Here's a link to the Web's Franklin sock yarn on cones (undyed)

http://www.yarn.com/index.cfm/fuseaction/product.detail/categoryID/A6851465-EEFA-4EF6-A2AE-A3F6C1BA87A4/productID/F58CB379-A54F-474B-98CC-E0F836455CD0/


----------



## PatCollins (Nov 19, 2011)

I have been thinking of ordering from this company.
http://www.yarniapdx.com


----------



## tjmartinez2010 (Sep 11, 2012)

Found it! This is what I have. The washable sock yarn is called Mermade plus. Hope it helps.
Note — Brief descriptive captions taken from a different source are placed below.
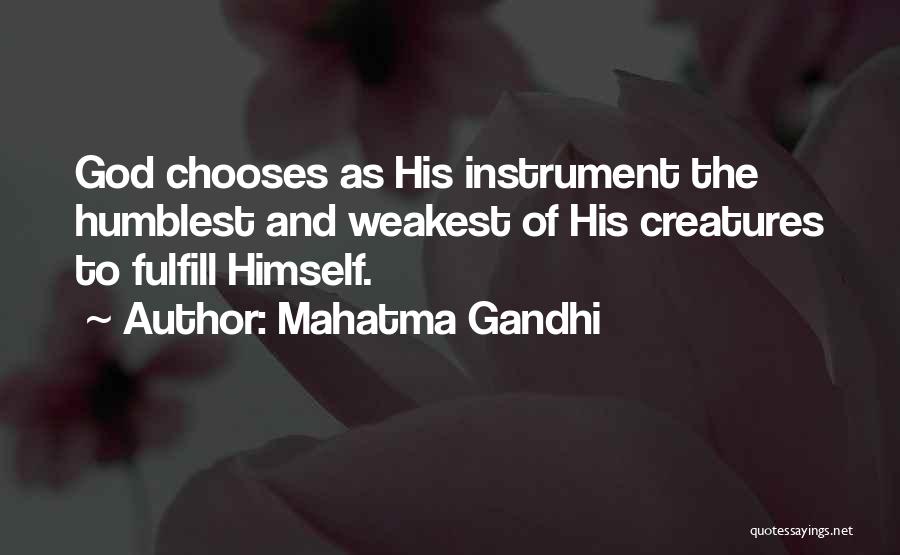 Weakest Quotes By Mahatma Gandhi
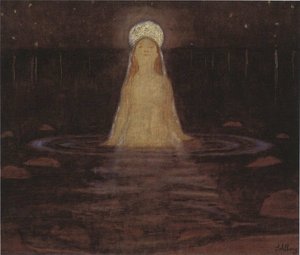 人魚、1897年。 作： Harald Oscar Sohlberg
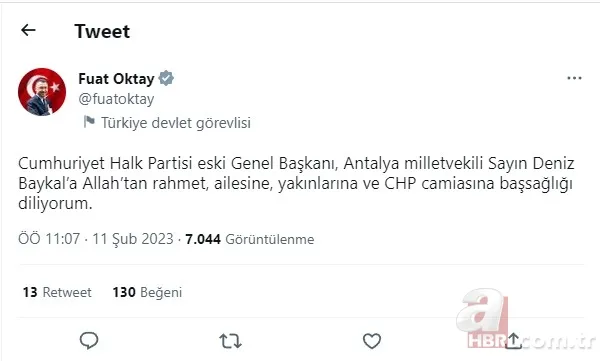 Türk siyasetinin acı kaybı! Deniz Baykal 85 yaşında hayatını kaybetti 7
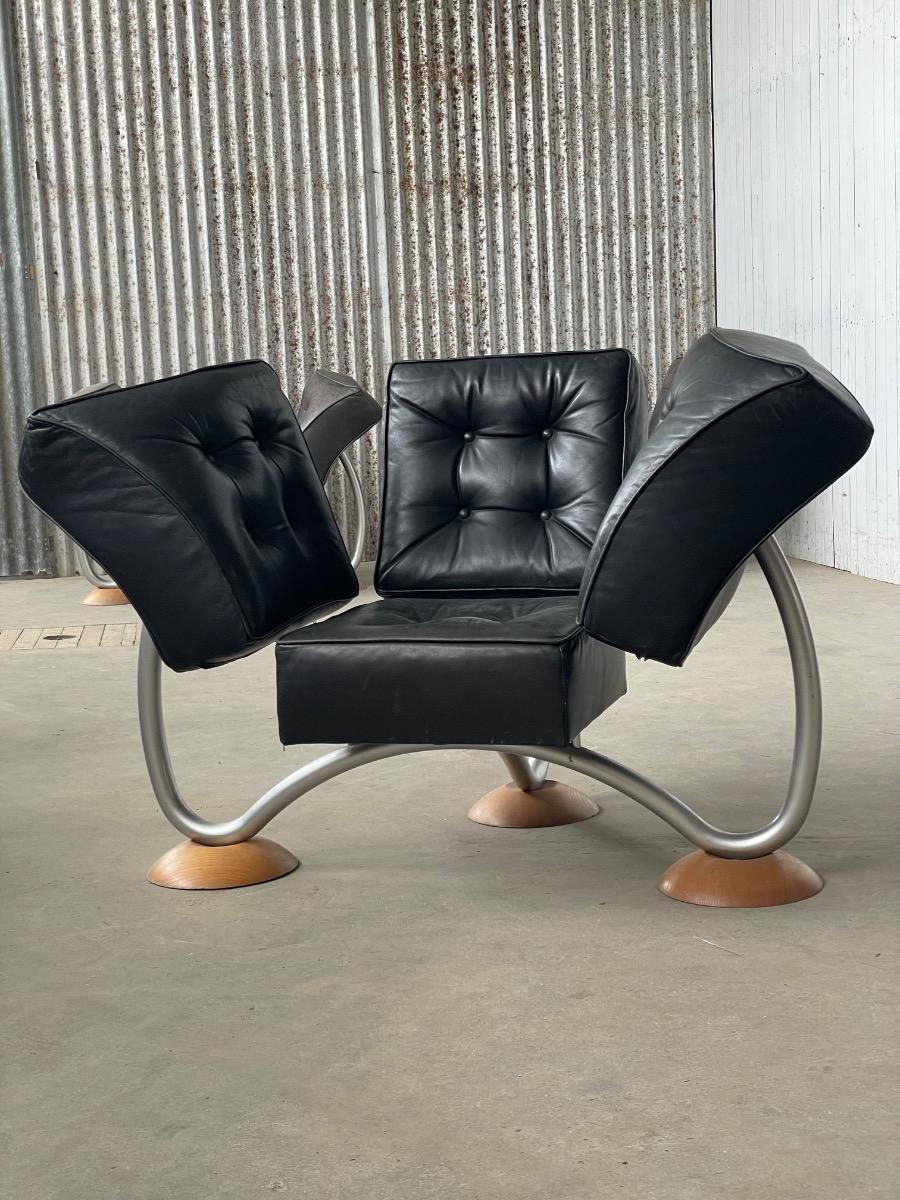 Vintage rare design chairs by Rob Eckhardt 1980s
The coned mermade yarn would be $36.00 per pound. We don't have it on our website, but if you'd like to place an order by phone that would work, or we could send you a paypal invoice, or you could order something else on our website and say in "special instructions" what you'd actually like and we can make the adjustments on this end. Would any of those work for you?
Thanks for your interest,
Julia

Blackberry Ridge Woolen Mill
(608) 437 3762


----------



## ChristmasTree (Nov 28, 2011)

tjmartinez2010 said:


> Found it! This is what I have. The washable sock yarn is called Mermade plus. Hope it helps.
> 
> The coned mermade yarn would be $36.00 per pound. We don't have it on our website, but if you'd like to place an order by phone that would work, or we could send you a paypal invoice, or you could order something else on our website and say in "special instructions" what you'd actually like and we can make the adjustments on this end. Would any of those work for you?
> Thanks for your interest,
> ...


Those are pretty, and a good price. Would the coned yarn be only for the single colors?


----------



## euvid (Apr 2, 2011)

if you belong to the sock machine knitting group there is a
woman in Canada who imports the Opal line and sells it at a discount to members. SHe has beautiful sock yarns by the ball and some of them on cones.

[email protected]


----------



## LydiaKay (Apr 15, 2012)

Just purchased a couple pounds of Franklin yarn. All I've done so far is knit sock blanks for grandsons to dye with kool-aid. Dyes great. The yarn is definitely natural or cream color before dyeing.


----------



## GrammaAnn (Dec 16, 2011)

Lydia, some of the reviews say the Franklin yarn - ready to dye - is hard and scratchy - has that been your experience?


----------



## LydiaKay (Apr 15, 2012)

GrammaAnn said:


> Lydia, some of the reviews say the Franklin yarn - ready to dye - is hard and scratchy - has that been your experience?


It's hard to tell. Sock blank is double strand so not too supple. Will know more when I get knitting single strand. I do know it is not the softest but when you are knitting for 6 grandsons, two of which are big footed teenagers, you can't be too choosy.


----------